Hors du lieu privilégié qu'est l'appartement aux volets clos, chacun retrouve sa vie quotidienne. Paul a épousé une jeune femme, propriétaire d'un hôtel minable où ils vivent depuis cinq ans : Rosa le trompe avec un des pensionnaires de l'hôtel et vient de se suicider en s'ouvrant les veines dans la salle de bains de leur chambre (sans qu'on sache jamais les raisons de son geste). Jeanne retrouve sa mère, une veuve de colonel et son fiancé Tom, un réalisateur de télévision débutant qui tourne un film en 16 mm dont elle est le sujet et qui trouvera sa conclusion avec leur mariage[2].

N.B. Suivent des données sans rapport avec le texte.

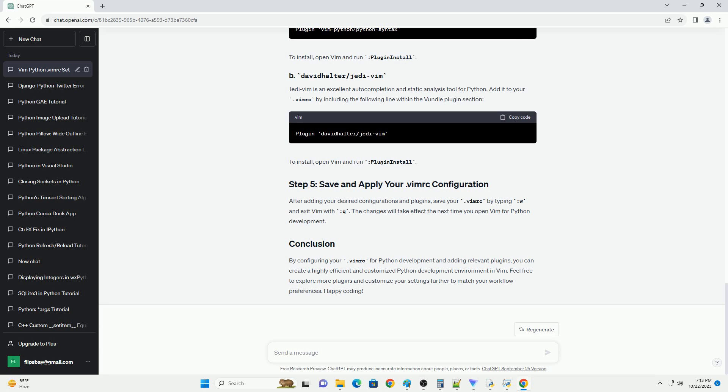By configuring your .vimrc for Python development and adding relevant plugins, you can create a highly efficient and customized Python development environment in Vim. Feel free to explore more plugins and customize your settings further to match your workflow preferences. Happy coding!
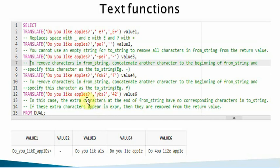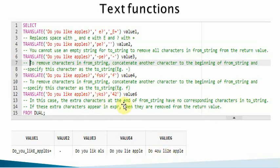In the last translate example, replacing 'y', 'k', and 's': 'y' is replaced with '4', 'k' is replaced with '2', and since no replacement character is provided for 's', all occurrences of 's' are removed from the result string.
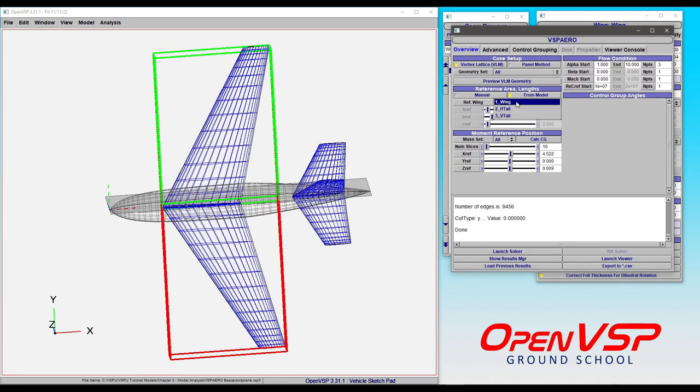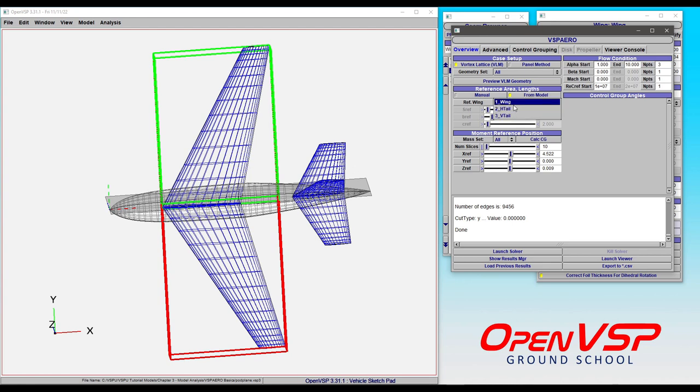So with any of those, if you happen to have multiple wings or if you have a canard, it will list these in the order of how they're placed in the model.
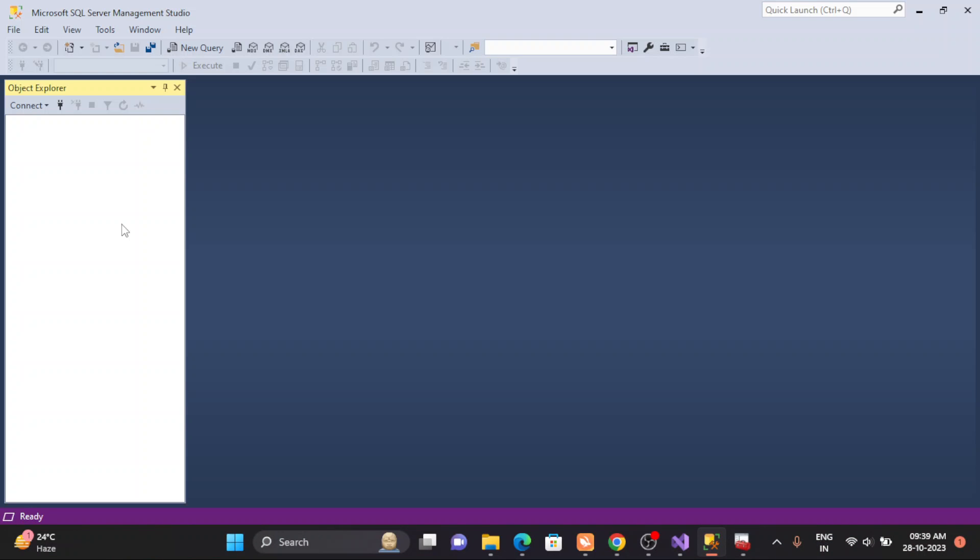Welcome back guys. This is Srikan. Today I'm going to show you the problem. The problem is basically the SQL Server Agent is showing on the server, but it shows like it's disabled.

Pendant les trois jours qui séparent le drame des obsèques de la femme de Paul, ils vont s'engager dans une relation intense, houleuse, brève, mais désespérée. Elle « est à la mesure des tourments que provoque l'explosion du féminisme », d'après le réalisateur. Quand Paul accepte de se confier à la jeune femme, il se révèle un loser qui fut tour à tour acteur, révolutionnaire, boxeur et journaliste. Lorsqu'il lui apprend que, rongé par le suicide de sa femme, il s'est abîmé dans une sexualité déchaînée, il devient un homme âgé sans mystère. Jeanne qui refuse de quitter sa vie de petite-bourgeoise, rompt avec lui. Paul ne comprend pas et la persuade de se rendre dans un dancing où se déroule un concours de tango très guindé[3]. Attablés ensemble, Paul avoue qu'il l'aime et la force à boire. Éméchés, les amants se mettent à danser sur la piste, parodiant les danseurs de tango de manière provocante. Mais Jeanne refuse la prolongation de l'aventure et quitte en courant la salle de bal du « Dernier Tango ». Paul la poursuit jusqu'à l'appartement en haut de l'immeuble de Montparnasse où elle habite, cherche à la charmer et lui demande enfin son nom. Apeurée par sa violence et pour échapper à l'emprise destructrice de cet homme désespéré, elle prend dans un tiroir le revolver d'ordonnance de son père colonel. Alors qu'il a coiffé, en un dernier geste de défi, le képi à cinq galons du père, il s'approche de Jeanne qui semble céder. Elle tire, Paul titube jusqu'au balcon et s'écroule. Jeanne vient de tuer Paul avec cette arme de service[4].
Fiche technique
- Titre original : Ultimo tango a Parigi
- Titre français : Le Dernier Tango à Paris[5]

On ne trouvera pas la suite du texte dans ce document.